- 9.9 Enhanced Generalization through Prioritization and Diversity in Self-Imitation Reinforcement Learning over Procedural Environments with Sparse Rewards
- Authors: Alain Andres, Daochen Zha, Javier Del Ser
- Reason: This paper proposes tailored self-imitation learning strategies that significantly contribute to reinforcement learning. The authors conduct a comprehensive experimental analysis, achieving a new state-of-the-art performance in the MiniGrid-MultiRoom-N12-S10 environment.
- 9.6 Learning impartial policies for sequential counterfactual explanations using Deep Reinforcement Learning
- Authors: E. Panagiotou, E. Ntoutsi
- Reason: The authors propose an innovative approach to intelligently inform reinforcement learning decisions with sequential counterfactual examples. The novel methods they discuss hold potential to enhance reinforcement learning’s scalability.
- 9.5 Expressive Modeling Is Insufficient for Offline RL: A Tractable Inference Perspective
- Authors: Xuejie Liu, Anji Liu, Guy Van den Broeck, Yitao Liang
- This paper highlights the importance of tractability in reinforcement learning, proposing Trifle, which bridges the gap between high-quality sequence models and performance of offline RL tasks. The authors claim Trifle outperforms prior approaches, and as such, this paper could influence future research in offline RL tasks.

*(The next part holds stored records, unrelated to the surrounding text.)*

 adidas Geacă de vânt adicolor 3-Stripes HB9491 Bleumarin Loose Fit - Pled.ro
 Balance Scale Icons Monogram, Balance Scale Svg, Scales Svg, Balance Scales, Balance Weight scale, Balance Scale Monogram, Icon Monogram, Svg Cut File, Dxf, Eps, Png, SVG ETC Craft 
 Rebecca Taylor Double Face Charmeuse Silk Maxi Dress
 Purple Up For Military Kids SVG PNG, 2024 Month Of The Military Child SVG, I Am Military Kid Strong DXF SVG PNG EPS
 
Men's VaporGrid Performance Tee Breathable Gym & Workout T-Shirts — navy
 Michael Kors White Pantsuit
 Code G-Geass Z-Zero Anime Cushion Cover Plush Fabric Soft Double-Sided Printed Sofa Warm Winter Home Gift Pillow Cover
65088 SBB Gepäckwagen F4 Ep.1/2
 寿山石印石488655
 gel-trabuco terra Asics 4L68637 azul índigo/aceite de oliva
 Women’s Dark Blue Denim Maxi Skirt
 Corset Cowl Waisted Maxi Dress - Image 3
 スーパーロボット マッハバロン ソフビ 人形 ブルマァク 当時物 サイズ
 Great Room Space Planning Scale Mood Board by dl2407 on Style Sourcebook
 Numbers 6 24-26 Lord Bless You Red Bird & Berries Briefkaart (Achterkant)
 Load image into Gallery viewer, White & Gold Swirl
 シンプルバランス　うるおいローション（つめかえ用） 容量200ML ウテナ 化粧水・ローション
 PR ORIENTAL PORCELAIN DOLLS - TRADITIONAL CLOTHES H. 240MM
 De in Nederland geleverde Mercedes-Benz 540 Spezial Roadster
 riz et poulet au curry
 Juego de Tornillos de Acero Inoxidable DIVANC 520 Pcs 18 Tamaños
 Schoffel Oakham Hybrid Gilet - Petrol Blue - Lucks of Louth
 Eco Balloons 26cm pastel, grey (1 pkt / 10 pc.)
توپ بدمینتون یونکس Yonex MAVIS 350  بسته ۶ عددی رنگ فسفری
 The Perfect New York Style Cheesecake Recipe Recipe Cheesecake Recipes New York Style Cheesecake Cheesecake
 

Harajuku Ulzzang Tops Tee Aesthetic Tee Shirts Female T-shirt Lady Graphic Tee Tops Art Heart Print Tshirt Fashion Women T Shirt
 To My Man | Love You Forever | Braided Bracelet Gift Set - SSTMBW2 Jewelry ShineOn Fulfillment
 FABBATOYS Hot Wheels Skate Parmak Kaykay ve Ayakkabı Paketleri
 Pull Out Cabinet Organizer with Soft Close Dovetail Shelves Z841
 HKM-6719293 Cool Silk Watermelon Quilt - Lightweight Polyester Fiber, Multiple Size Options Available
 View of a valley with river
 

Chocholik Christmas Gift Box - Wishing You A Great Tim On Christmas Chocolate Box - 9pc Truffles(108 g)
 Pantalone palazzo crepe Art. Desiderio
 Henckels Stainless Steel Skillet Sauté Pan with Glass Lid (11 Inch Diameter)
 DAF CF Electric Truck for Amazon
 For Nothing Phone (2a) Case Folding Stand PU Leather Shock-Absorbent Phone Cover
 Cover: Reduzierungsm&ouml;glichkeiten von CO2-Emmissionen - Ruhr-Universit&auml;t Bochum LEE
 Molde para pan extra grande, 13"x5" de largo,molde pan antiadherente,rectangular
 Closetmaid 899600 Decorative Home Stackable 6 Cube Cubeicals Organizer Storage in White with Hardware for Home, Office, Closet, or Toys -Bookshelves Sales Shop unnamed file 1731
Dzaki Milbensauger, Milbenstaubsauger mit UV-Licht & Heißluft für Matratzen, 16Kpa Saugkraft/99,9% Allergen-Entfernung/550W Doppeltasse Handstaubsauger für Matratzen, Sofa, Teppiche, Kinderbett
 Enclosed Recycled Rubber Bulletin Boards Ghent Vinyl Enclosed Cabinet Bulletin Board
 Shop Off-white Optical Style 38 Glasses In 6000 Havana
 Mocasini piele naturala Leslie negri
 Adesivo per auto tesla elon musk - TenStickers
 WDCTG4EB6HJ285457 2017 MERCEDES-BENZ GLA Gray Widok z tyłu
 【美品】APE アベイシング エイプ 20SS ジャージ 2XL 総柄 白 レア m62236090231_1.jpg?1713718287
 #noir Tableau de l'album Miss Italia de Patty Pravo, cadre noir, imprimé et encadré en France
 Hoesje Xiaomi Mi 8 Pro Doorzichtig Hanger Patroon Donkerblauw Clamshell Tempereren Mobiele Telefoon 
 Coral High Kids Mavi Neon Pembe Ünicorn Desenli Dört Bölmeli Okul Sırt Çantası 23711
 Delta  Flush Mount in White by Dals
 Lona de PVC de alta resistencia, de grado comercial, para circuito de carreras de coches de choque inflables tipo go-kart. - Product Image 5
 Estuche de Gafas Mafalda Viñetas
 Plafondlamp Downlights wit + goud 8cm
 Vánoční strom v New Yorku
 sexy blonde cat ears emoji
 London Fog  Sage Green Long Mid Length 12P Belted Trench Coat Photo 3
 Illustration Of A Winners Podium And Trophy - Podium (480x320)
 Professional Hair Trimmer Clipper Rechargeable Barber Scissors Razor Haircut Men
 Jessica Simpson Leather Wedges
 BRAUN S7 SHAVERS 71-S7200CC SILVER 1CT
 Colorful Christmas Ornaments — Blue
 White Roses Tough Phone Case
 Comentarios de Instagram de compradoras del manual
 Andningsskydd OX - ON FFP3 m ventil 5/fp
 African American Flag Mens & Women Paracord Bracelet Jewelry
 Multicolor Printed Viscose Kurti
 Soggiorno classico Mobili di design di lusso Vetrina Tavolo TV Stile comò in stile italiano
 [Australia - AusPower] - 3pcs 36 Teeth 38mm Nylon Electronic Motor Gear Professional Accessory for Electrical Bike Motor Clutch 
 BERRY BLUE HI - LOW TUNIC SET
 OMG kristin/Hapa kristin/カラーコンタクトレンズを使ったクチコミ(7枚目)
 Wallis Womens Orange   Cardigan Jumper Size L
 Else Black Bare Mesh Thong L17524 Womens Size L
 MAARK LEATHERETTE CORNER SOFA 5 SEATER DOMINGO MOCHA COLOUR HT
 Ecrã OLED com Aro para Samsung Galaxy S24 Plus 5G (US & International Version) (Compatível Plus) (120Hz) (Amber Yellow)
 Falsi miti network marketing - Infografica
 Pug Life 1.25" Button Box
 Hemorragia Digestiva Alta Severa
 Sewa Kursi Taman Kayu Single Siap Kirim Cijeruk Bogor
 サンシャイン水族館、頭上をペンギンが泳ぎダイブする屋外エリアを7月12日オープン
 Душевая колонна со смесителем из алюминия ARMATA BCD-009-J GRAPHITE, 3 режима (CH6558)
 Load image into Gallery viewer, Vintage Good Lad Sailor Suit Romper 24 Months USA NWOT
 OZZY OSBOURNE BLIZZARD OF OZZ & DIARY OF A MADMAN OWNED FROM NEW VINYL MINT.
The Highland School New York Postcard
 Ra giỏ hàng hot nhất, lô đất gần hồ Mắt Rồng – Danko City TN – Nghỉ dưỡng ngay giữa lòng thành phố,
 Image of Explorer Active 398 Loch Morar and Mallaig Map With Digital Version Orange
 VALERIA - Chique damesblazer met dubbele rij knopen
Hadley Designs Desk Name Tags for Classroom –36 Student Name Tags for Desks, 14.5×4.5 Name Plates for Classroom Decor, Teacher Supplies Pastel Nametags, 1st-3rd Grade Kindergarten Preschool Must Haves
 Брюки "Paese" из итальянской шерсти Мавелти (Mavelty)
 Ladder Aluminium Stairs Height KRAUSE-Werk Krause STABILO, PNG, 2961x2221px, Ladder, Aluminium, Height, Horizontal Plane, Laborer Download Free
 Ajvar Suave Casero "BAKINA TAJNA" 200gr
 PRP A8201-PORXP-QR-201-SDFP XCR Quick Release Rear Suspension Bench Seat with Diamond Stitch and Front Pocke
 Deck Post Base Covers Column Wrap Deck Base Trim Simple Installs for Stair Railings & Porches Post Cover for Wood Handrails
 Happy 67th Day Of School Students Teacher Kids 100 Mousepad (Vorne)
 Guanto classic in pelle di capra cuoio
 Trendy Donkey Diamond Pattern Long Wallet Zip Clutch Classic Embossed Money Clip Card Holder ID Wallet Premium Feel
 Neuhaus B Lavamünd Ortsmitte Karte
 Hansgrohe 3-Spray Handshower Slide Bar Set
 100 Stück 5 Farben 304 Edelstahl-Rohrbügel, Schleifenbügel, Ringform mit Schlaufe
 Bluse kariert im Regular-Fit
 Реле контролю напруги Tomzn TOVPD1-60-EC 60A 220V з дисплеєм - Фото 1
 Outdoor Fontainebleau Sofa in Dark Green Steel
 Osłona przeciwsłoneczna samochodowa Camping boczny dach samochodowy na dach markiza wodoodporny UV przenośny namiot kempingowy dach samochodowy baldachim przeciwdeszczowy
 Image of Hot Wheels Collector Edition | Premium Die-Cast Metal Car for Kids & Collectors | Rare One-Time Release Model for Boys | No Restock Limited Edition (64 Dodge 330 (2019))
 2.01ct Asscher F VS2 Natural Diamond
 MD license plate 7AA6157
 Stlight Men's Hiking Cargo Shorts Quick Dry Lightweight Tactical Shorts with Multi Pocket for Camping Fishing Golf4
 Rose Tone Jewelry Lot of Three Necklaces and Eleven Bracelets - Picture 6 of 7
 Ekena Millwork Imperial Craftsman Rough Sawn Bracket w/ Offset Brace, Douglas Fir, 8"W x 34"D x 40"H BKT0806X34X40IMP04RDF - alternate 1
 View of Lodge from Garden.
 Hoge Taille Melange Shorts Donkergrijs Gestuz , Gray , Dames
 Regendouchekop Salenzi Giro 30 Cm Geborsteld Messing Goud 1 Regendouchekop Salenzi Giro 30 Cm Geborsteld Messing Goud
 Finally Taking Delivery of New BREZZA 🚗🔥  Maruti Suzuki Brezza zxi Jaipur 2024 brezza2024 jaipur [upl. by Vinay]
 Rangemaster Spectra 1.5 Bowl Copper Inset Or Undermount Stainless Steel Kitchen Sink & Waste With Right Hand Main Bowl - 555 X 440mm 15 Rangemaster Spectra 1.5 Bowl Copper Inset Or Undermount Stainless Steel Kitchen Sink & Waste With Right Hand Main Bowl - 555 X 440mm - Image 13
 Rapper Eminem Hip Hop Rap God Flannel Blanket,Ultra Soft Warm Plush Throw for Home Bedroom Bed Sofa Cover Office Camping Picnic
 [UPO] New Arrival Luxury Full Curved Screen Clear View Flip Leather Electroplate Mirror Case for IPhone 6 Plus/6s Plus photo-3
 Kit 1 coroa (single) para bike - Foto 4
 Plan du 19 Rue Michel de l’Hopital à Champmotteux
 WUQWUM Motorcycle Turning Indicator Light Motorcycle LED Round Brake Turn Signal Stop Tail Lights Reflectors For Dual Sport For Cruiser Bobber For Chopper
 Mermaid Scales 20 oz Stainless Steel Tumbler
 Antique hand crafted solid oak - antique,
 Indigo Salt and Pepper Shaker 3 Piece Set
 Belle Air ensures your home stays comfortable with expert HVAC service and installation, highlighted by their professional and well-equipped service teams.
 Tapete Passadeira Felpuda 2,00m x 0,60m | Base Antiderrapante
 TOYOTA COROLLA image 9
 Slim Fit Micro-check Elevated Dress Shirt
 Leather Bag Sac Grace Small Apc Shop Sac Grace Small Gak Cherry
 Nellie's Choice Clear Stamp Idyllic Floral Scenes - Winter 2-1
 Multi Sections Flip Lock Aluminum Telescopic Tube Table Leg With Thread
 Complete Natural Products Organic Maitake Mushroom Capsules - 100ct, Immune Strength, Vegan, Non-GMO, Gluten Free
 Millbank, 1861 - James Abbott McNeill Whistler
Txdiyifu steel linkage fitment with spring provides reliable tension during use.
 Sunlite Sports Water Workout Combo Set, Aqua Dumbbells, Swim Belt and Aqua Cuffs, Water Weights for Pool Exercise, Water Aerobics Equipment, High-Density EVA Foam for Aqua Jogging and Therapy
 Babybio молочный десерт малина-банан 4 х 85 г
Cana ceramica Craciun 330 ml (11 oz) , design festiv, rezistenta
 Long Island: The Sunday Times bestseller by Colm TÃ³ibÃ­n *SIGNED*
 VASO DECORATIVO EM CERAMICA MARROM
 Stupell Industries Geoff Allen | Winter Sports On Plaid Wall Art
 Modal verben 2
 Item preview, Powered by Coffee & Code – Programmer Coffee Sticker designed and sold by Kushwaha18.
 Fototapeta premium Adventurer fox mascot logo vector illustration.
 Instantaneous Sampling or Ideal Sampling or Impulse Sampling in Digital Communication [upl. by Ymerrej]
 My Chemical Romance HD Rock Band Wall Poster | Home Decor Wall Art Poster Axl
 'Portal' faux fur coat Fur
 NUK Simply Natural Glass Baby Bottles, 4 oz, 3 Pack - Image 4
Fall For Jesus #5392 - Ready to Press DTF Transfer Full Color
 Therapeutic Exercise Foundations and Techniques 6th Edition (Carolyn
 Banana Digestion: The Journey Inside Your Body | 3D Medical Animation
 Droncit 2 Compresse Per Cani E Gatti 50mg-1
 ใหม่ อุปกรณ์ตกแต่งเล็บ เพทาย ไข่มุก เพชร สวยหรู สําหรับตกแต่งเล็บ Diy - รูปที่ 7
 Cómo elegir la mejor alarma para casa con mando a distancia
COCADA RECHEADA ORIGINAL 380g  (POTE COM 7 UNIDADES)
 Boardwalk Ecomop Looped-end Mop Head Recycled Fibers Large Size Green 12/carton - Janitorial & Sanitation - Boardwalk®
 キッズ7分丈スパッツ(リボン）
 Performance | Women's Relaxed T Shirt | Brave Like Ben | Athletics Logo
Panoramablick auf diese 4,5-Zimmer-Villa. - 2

- 9.3 The Alignment Ceiling: Objective Mismatch in Reinforcement Learning from Human Feedback
- Authors: Nathan Lambert, Roberto Calandra
- This paper focuses on addressing the challenges in reinforcement learning from human feedback (RLHF). They discuss the objective mismatch issue and propose potential solutions. Given the current interest in human feedback for RL, this paper is likely to carry considerable influence.
- 9.3 Latent Space Translation via Semantic Alignment
- Authors: Valentino Maiorca, Luca Moschella, Antonio Norelli, Marco Fumero, Francesco Locatello, Emanuele Rodolà
- Reason: This paper introduces a novel method that seamlessly translates between different pre-trained neural networks. This transformative capability holds potential across various applications of reinforcement learning.
- 9.1 Rethinking Decision Transformer via Hierarchical Reinforcement Learning
- Authors: Yi Ma, Chenjun Xiao, Hebin Liang, Jianye Hao
- The paper revisits the Decision Transformer (DT) algorithm, discussing its limitations and proposing a new framework incorporating Hierarchical RL. Given the popularity of the Decision Transformer in the field, the proposals in this paper may lead to significant changes in future RL methods.
- 9.0 Safe multi-agent motion planning under uncertainty for drones using filtered reinforcement learning
- Authors: Sleiman Safaoui, Abraham P. Vinod, Ankush Chakrabarty, Rien Quirynen, Nobuyuki Yoshikawa, Stefano Di Cairano
- Given its focus on drone motion planning under uncertainty, backed by a blend of reinforcement learning and constrained-control-based trajectory planning, this paper could be a key reference for researchers working on real-world implementation of reinforcement learning algorithms.
- 9.0 Last-Iterate Convergence Properties of Regret-Matching Algorithms in Games
- Authors: Yang Cai, Gabriele Farina, Julien Grand-Clément, Christian Kroer, Chung-Wei Lee, Haipeng Luo, Weiqiang Zheng
- Reason: The authors notably improve our understanding of regret-matching algorithms in the context of games, making significant strides in reinforcement learning. This paper can directly impact the design of more efficient learning algorithms for games.
- 8.9 Recovering Linear Causal Models with Latent Variables via Cholesky Factorization of Covariance Matrix
- Authors: Yunfeng Cai, Xu Li, Minging Sun, Ping Li
- Reason: Though not purely focused on reinforcement learning, this paper presents first-of-its-kind methods for recovering directed acyclic graph structures, which will significantly impact the effectiveness of reinforcement learning algorithms.
- 8.8 Federated Natural Policy Gradient Methods for Multi-task Reinforcement Learning
- Authors: Tong Yang, Shicong Cen, Yuting Wei, Yuxin Chen, Yuejie Chi
- This paper introduces new developments in policy optimization for multi-task reinforcement learning in a federated setting. It could attract interest due to its method of combining reinforcement learning with federated learning, a growing area of interest.